Capacity with known item sizes
Every capacity system on earth wants the same impossible thing: to know what its workloads will cost before they cost it. EVE Online cannot predict what a fight will demand, because player count, fitting choices, and module spam compose into an open-ended bill. Black Skies can, and the reason is the thesis paying out one more time. The game rules that bound a tile, the ingress ceiling, the cell count, the card costs and cooldowns, also bound the plan a tile's master can possibly submit. Every tile has a printed worst case, computable before the tile ever heats up.

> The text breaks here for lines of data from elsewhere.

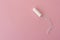 Medical female tampon on a pink background. Hygienic white tampon for women. Cotton swab. Menstruation, protection concept, flat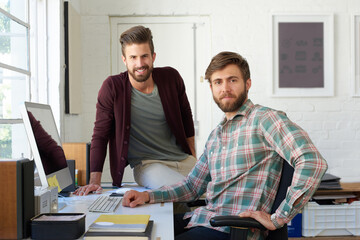 Portrait, business and men on computer in office for research, planning and ideas as web designer...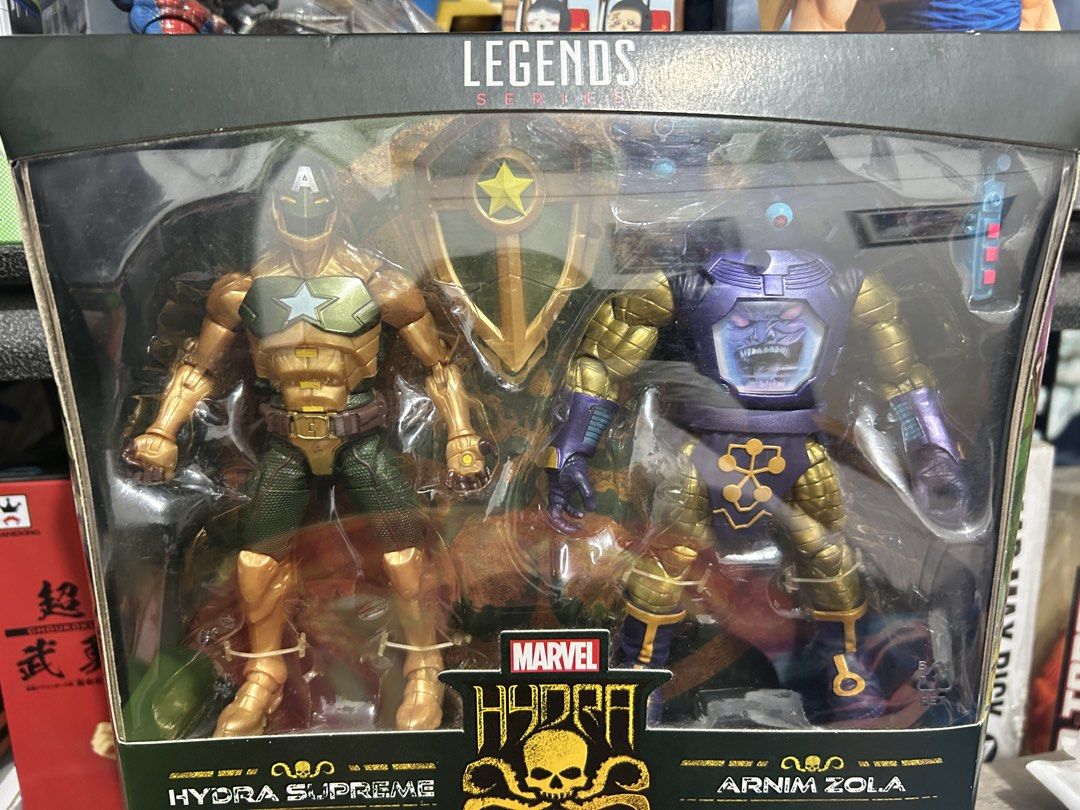 Marvel Legends Hydra Supreme and Arnim Zola 2-Pack (Category: Figurines & Statues) located in Muntinlupa City. Submitted by capitalrg (Listing ID 1465239233, Image 3). Description: - Brand: Hasbro Marvel Legends Series - Included Figures: Hydra Supreme and Arnim Zola - Accessories: Includes Hydra shield and more - Condition: Brand new, unopened in original window box - Perfect for: Marvel collections and display.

That single property changes the character of everything below it. Capacity planning is usually forecasting; here it is bin-packing with known item sizes. A scheduler that knows the ceiling of every item it places gets to do things schedulers normally cannot do safely, and most of this post is a tour of those things.
Stateless by decree
The compute layer is built from TileHosts, and the first rule is that a TileHost is capacity, not a home. No durable state lives on one, ever. Tile state is authoritative in the owning master's memory, committed to Redis every tick, and checkpointed to DynamoDB; the executors that do the grunt work hold nothing past the task in their hands. This is one principle applied without exception: put durable state in systems designed for durability, put compute in systems designed for replaceability, and never mix the two.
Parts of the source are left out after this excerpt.